Note that this an optional step, which is currently only available for Python models. Besides this, it’s also worth noting that:

  • This feature is experimental and is subject to change.

  • MLServer requires Python 3.7 or above.

  • This step requires some basic Kubernetes knowledge, including familiarity with kubectl.

To build a Docker image containing our model, we can use the mlflow models build-docker subcommand, alongside the --enable-mlserver flag. For example, to build a image named my-docker-image, we could do:

mlflow models build-docker \
  -m /Users/mlflow/mlflow-prototype/mlruns/0/7c1a0d5c42844dcdb8f5191146925174/artifacts/model \
  -n my-docker-image \
  --enable-mlserver

Once we have our image built, the next step will be to deploy it to our cluster. One way to do this is by applying the respective Kubernetes manifests through the kubectl CLI:

kubectl apply -f my-manifest.yaml

This step assumes that you’ve got kubectl access to a Kubernetes cluster already setup with Seldon Core. To read more on how to set this up, you can refer to the Seldon Core quickstart guide.

apiVersion: machinelearning.seldon.io/v1
kind: SeldonDeployment
metadata:
  name: mlflow-model
spec:
  predictors:
    - name: default
      annotations:
        seldon.io/no-engine: "true"
      graph:
        name: mlflow-model
        type: MODEL
      componentSpecs:
        - spec:
            containers:
              - name: mlflow-model
                image: my-docker-image
                imagePullPolicy: IfNotPresent
                securityContext:
                  runAsUser: 0
                ports:
                  - containerPort: 8080
                    name: http
                    protocol: TCP
                  - containerPort: 8081
                    name: grpc
                    protocol: TCP

This step assumes that you’ve got kubectl access to a Kubernetes cluster already setup with KServe. To read more on how to set this up, you can refer to the KServe quickstart guide.

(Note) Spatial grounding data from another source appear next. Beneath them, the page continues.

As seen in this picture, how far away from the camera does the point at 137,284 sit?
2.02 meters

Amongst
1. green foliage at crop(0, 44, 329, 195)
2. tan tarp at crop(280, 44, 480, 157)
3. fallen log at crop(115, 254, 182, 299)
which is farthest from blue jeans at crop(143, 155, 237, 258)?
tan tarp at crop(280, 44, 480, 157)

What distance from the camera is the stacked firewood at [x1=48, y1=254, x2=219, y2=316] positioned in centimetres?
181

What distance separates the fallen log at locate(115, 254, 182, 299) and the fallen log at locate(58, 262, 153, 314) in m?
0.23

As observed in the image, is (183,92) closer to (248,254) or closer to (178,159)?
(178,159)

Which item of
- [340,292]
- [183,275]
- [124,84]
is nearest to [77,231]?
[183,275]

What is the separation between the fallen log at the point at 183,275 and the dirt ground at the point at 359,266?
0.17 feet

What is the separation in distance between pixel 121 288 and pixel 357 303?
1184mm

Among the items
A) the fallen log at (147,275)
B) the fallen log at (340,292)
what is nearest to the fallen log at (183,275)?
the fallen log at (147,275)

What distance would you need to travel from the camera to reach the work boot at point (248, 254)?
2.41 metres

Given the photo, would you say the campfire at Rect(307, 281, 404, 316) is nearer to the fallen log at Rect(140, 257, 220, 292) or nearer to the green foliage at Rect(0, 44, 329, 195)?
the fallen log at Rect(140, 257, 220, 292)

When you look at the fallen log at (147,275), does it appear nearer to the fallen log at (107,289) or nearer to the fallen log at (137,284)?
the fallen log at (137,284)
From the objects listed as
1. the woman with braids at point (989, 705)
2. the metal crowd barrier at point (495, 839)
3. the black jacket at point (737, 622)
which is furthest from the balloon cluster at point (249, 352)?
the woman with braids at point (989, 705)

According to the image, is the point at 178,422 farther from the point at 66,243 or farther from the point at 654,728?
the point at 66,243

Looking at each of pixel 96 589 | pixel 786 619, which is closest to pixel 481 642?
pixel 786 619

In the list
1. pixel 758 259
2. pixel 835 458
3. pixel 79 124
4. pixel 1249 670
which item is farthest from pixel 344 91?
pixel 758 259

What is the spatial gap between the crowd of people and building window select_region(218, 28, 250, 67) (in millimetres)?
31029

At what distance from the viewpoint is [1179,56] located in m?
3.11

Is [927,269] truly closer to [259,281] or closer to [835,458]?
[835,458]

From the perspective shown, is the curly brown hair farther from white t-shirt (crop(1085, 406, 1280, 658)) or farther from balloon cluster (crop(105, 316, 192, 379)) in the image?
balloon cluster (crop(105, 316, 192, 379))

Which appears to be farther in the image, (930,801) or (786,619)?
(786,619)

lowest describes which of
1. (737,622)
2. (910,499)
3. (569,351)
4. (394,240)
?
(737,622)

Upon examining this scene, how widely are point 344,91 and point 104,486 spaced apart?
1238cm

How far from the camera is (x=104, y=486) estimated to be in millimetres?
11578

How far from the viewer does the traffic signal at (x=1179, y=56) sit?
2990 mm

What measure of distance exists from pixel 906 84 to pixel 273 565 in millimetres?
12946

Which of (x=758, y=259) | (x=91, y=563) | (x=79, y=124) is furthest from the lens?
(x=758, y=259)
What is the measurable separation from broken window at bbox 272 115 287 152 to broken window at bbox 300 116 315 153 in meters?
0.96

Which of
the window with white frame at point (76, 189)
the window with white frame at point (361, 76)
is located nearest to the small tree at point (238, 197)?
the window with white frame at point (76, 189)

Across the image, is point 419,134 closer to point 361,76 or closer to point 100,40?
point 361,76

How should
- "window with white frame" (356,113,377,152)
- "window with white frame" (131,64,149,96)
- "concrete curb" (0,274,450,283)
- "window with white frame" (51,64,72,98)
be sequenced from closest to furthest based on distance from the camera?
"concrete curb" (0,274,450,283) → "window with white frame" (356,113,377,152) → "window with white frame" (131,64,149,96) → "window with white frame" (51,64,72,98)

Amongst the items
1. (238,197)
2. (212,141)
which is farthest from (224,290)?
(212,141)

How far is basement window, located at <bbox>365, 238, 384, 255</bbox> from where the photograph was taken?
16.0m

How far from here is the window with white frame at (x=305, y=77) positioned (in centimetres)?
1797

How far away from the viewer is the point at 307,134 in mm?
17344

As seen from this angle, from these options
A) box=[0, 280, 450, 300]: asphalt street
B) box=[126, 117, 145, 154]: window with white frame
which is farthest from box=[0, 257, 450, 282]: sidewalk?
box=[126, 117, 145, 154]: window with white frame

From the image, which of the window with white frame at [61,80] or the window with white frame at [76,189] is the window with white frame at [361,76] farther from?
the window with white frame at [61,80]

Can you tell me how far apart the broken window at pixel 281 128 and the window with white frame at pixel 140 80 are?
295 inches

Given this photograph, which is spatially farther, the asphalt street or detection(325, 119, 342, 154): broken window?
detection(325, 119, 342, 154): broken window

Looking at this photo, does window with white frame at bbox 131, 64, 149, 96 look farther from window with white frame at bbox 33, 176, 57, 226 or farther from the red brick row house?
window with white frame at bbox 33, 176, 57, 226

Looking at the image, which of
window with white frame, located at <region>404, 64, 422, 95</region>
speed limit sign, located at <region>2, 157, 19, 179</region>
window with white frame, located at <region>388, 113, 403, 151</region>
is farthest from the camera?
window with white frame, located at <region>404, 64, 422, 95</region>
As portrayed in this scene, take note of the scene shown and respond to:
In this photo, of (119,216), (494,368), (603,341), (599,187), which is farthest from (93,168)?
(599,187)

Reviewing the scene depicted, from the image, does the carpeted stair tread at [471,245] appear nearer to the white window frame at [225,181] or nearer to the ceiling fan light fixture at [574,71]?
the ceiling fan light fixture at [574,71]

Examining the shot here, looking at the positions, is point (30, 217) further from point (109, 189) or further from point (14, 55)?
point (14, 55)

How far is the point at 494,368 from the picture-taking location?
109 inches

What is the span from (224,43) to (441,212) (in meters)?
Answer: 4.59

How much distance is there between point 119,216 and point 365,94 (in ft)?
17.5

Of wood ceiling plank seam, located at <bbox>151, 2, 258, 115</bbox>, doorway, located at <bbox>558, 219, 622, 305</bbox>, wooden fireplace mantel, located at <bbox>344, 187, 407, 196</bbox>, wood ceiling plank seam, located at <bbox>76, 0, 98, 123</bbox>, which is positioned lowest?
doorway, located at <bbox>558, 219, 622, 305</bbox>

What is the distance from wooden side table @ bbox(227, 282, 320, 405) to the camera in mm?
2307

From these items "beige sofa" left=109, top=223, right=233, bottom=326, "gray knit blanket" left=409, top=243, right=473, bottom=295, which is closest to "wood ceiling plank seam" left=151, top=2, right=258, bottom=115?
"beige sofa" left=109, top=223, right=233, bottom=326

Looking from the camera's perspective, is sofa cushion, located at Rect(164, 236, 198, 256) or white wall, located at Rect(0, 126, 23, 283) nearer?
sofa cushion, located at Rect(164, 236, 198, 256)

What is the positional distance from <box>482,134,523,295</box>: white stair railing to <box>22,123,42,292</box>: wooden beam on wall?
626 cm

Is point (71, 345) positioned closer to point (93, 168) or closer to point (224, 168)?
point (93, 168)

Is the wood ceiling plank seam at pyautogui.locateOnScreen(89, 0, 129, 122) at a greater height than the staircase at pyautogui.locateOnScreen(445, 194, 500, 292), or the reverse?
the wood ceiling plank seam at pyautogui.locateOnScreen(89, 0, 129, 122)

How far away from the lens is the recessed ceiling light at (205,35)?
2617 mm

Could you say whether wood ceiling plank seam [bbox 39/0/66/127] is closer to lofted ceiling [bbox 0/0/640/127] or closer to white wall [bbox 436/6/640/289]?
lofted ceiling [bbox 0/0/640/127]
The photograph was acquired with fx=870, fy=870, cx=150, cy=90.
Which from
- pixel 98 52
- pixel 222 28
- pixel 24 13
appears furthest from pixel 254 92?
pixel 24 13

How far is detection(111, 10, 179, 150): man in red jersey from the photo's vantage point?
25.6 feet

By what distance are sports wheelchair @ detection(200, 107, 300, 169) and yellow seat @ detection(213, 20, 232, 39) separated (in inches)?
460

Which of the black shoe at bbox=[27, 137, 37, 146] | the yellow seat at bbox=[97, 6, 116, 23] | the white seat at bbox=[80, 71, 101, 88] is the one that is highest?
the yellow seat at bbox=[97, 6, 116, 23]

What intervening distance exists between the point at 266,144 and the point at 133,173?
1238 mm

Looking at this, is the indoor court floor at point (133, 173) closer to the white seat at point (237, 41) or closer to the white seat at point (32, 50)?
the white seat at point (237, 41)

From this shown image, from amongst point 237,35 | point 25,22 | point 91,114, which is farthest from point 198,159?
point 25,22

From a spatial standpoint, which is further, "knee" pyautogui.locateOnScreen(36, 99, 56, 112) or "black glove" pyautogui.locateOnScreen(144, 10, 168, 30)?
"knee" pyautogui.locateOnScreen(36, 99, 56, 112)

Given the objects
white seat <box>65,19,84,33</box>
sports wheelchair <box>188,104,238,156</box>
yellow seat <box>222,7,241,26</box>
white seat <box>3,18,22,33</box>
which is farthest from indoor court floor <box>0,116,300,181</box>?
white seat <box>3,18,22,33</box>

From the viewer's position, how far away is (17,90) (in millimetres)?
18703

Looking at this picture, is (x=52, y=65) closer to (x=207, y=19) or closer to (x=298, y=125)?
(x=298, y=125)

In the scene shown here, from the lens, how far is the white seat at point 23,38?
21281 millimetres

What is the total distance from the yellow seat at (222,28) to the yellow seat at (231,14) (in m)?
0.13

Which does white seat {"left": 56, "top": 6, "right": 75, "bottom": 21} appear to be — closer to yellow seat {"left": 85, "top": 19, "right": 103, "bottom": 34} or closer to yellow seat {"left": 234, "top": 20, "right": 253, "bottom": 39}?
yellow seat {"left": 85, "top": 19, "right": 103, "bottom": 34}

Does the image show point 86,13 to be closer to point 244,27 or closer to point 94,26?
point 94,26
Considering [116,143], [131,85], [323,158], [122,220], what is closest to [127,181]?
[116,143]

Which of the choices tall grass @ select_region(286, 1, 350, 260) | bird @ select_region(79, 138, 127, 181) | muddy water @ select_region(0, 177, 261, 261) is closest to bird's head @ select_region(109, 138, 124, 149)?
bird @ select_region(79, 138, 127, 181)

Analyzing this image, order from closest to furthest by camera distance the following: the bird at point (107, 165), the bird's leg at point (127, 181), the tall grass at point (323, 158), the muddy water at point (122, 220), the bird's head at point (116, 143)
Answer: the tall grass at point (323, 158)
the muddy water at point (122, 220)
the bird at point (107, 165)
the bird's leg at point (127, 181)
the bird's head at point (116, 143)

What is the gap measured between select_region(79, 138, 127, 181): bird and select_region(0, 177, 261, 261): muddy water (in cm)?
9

apiVersion: serving.kserve.io/v1beta1
kind: InferenceService
metadata:
  name: mlflow-model
spec:
  predictor:
    containers:
      - name: mlflow-model
        image: my-docker-image
        ports:
          - containerPort: 8080
            protocol: TCP
        env:
          - name: PROTOCOL
            value: v2

More Resources

Congratulations on finishing the tutorial! For more reading, see MLflow Tracking, MLflow Projects, MLflow Models, and more.

1
  1. Cortez, A. Cerdeira, F. Almeida, T. Matos and J. Reis. Modeling wine preferences by data mining from physicochemical properties. In Decision Support Systems, Elsevier, 47(4):547-553, 2009.